See also the official FAQ for the GlassFish JEE container that we are using...
But note that it never really talks about JEE - to - JEE communication, but always assumes standalone Java program to JEE server...

Tip 4: Ports...

Two JEE application servers can communicate via remote procedure call over IIOP (Inter ORB Protocol); bot the JNDI lookups on remote servers and the invocations of methods on remote servers use this IIOP protocol, which means that one port serves both cases. The standard IIOP for GlassFish port is 3700.

If you try things on you own computer, be sure that this port is not blocked...
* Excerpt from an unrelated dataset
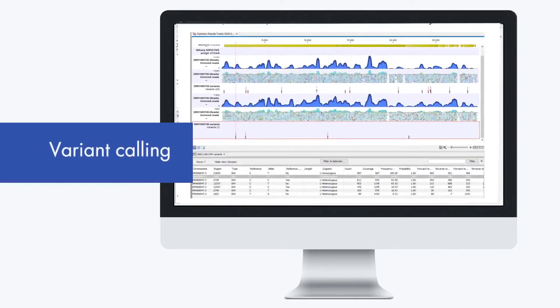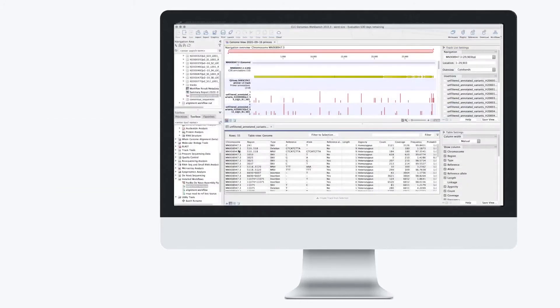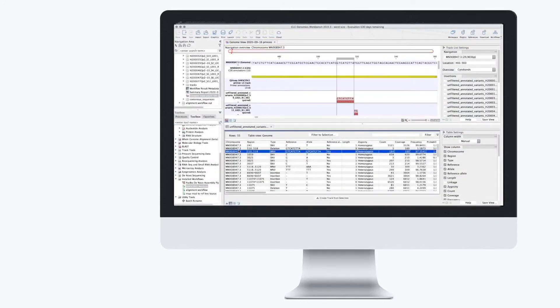And with our built-in genome browser, you can quickly visualize and confirm your results in no time at all.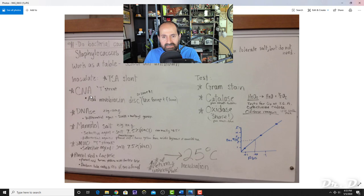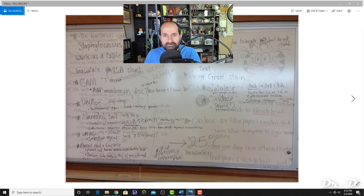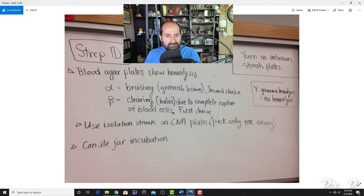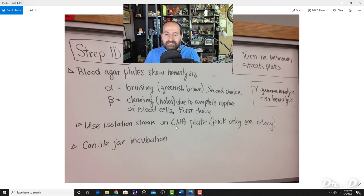The CNA plate (Columbia Nalidixic Acid) is both selective and differential. It's selective because nalidixic acid prevents gram-negative bacteria from growing and only permits gram-positive bacteria to grow—it selects against gram-negatives and selects for gram-positives. It is also differential because it has blood agar, allowing you to observe hemolysis patterns.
Tip 5: How to give an EJB a readable name via JNDI

In Netbeans, open you project and navigate to the Sources of the 'request' module; open the configuration tab and edit the ejb-jar.xml file:

It will look something like this:

<sun-ejb-jar>
  <enterprise-beans/>
</sun-ejb-jar>

Replace the empty

 part with this:

<enterprise-beans>
    <ejb>
      <ejb-name>TxControllerBean</ejb-name>
      <jndi-name>My Super New Name</jndi-name>
    </ejb>
</enterprise-beans>

Tip 6: 2PC for Distributed Transfer Transactions

Make sure that your two containers can run a 2-Phase-Commit protocol over the involved data sources. The Derby instances that come with our installation are by default not configured to accept 2PC via XA... You need to configure them in the application server correctly (correct type and correct driver!).

Tip 7: Same JEE user name (application level) on both machines

Make sure you have configured the very same java application user name in each JEE application that should talk to each other - with the same password! So in our case, for example, following the notes from tutorials in week 2 etc, there should be a user 200 with the same password configured in both application servers that are communicating with each other.

Also make sure that there is no OS-level security enabled for the IIOP connection. That is actually the default, so should not be changed! IIOP security should be kept disabled.